SUPPLIED DATA:
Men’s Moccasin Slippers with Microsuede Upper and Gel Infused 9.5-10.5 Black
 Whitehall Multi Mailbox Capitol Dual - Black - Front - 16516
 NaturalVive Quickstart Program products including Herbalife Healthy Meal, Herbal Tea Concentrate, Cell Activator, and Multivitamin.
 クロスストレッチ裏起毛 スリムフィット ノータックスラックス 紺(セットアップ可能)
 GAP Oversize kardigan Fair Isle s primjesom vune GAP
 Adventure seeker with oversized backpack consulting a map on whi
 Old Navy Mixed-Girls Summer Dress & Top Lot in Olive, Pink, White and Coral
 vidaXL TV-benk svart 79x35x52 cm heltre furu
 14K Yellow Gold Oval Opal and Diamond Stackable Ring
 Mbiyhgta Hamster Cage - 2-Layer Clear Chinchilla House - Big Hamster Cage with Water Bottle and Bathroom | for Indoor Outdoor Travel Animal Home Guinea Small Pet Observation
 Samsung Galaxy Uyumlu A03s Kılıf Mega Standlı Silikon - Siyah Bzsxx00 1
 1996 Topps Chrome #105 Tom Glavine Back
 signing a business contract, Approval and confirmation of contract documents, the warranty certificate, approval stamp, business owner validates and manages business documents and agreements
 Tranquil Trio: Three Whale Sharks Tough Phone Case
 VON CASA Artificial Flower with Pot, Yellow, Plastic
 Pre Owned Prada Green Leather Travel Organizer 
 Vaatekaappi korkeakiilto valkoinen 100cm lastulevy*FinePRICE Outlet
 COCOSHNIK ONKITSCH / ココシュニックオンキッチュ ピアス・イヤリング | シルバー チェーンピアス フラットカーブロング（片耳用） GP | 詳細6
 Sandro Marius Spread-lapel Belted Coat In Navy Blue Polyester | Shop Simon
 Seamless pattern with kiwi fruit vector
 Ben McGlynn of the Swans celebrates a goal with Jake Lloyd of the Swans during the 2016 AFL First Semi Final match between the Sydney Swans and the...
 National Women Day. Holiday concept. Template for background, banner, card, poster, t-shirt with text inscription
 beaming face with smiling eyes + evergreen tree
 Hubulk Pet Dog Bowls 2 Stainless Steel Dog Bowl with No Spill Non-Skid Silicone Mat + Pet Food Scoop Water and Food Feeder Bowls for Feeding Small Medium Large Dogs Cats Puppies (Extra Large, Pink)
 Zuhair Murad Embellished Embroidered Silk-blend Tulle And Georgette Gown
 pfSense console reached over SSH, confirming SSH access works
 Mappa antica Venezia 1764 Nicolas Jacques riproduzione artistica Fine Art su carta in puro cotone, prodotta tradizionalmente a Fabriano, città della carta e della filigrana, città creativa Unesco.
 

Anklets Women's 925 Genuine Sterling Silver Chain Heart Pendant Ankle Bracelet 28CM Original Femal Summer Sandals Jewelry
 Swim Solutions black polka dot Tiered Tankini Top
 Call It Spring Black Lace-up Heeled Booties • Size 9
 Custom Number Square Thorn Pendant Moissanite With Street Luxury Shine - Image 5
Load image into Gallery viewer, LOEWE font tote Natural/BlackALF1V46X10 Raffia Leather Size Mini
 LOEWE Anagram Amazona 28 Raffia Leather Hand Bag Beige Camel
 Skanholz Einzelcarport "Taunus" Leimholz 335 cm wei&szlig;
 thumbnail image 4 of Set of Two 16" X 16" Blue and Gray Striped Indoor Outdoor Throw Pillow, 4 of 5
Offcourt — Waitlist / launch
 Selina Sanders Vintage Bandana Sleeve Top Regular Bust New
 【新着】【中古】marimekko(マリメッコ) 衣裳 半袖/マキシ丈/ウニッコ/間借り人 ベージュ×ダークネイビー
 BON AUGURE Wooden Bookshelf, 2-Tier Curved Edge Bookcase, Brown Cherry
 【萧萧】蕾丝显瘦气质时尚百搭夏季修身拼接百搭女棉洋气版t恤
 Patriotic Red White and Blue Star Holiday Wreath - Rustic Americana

TASK TO COMPLETE: Only the lines with "Leather" are needed; find them in the records and copy each one.

RESULT:
 Pre Owned Prada Green Leather Travel Organizer 
Load image into Gallery viewer, LOEWE font tote Natural/BlackALF1V46X10 Raffia Leather Size Mini
 LOEWE Anagram Amazona 28 Raffia Leather Hand Bag Beige Camel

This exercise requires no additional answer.